Ася вскочила и стала ходить по комнате. Терпенья у нее было очень мало, а Нина, как нарочно, не шла. Дела в музыкальной школе складывались не благоприятно: плата за март месяц не была внесена, и она уже видела себя в списке лиц, с которыми преподавателям предлагалось прекратить занятия до погашения ими задолженности. Если в течение ближайших дней плата не будет внесена, ее могут исключить. Было еще одно осложнение, тревожившее ее нисколько не меньше: до дня рождения оставалось всего несколько дней, пока она в опале, переговоры по поводу вечеринки и платья заброшены, а потом уже будет слишком мало времени! Пометавшись тревожно по комнате, она решила, что события для своего ускорения нуждаются в могучем толчке, и на цыпочках выскользнула в коридор к телефону.
– Можно Нину Александровну?
– Нины Александровны нет дома. Что прикажете передать? – услышала она мужской голос. Сердце ее забилось с удвоенной частотой.
– Тогда попросите, пожалуйста, Олега Андреевича, – отважилась выговорить она, точно в воду бросилась. – Ах, это как раз вы! Говорит Ася, то есть я хотела сказать – Ксения Всеволодовна. Олег Андреевич, выручайте меня! – и она описала ему, как ей попало за встречу с ним. – Теперь я сижу наказанная и вот штопаю белье, а это невыносимо скучно! Гораздо интересней разучивать фуги. Вы любите фуги? Мне задали новую, так хочется ее проиграть, а вместо этого надо вырезать ножницами круглые дыры. Олег Андреевич, пожалуйста, расскажите Нине Александровне, что случилось со мной, и пусть она идет скорее на выручку, только пусть не говорит, что я ее вызывала. А теперь надо кончить: я боюсь разбудить бабушку. Вы передадите? Ну, спасибо! – и с пылающими щеками повесила трубку.

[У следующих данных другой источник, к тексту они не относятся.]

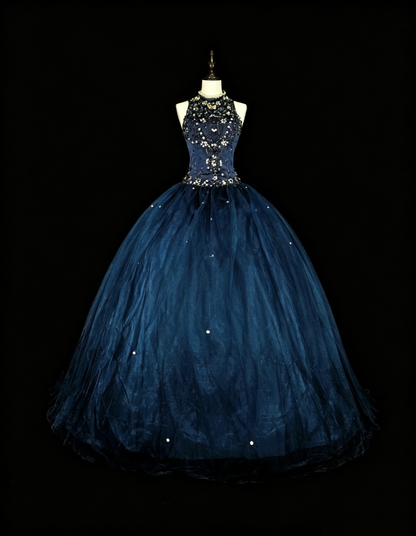 Modest Prom Dresses Ball Gown Navy Blue Tulle Sleeveless Sweet 16 Dress Formal Evening Outfits N3515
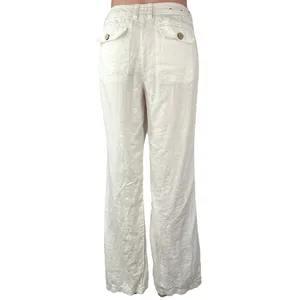 Banana Republic Women's White Linen Mid Rise Straight Wide Leg Trousers Pants 8 thumbnail 3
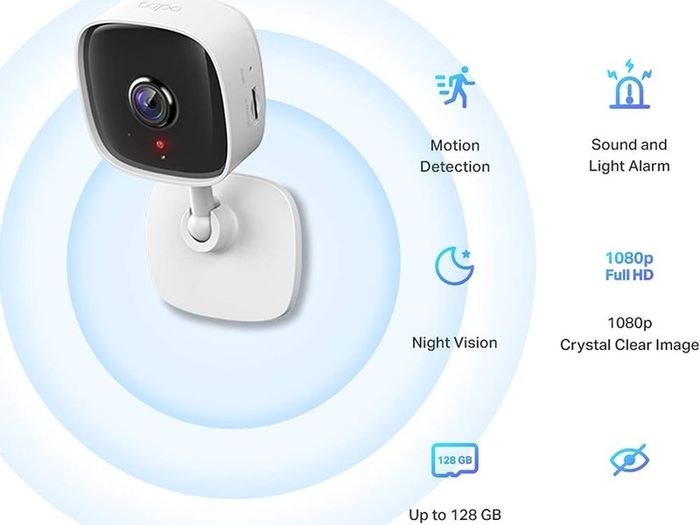 Mini Smart Security Camera, Indoor CCTV, Works with Alexa&Google Home, No Hub Required, 1080p, 2-Way Audio, Night Vision, SD Storage, Device Sharing
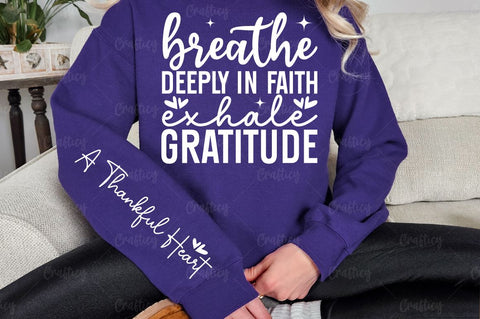 Breathe Deeply in Faith Exhale Gratitude Sleeve SVG Design SVG Designangry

«А все-таки я поговорила с ним! Посмотрим, что будет теперь!»
Нина прибежала в этот же вечер, информированная Олегом о случившемся. Усевшись в качестве бесспорной любимицы на край кровати Натальи Павловны, она тотчас спросила: «А где наша малютка?» – и как только Наталья Павловна начала рассказывать историю с Асей, сказала:
– Сейчас я удивлю вас, Наталья Павловна, это действительно мой beau-frere, князь Олег Дашков, и познакомила его с Асей я. В силу некоторых чрезвычайных обстоятельств у меня уже вошло в привычку никогда ни с кем не говорить о нем. Для вас я изменю этой привычке, – и она рассказала свекрови трагическую судьбу Олега.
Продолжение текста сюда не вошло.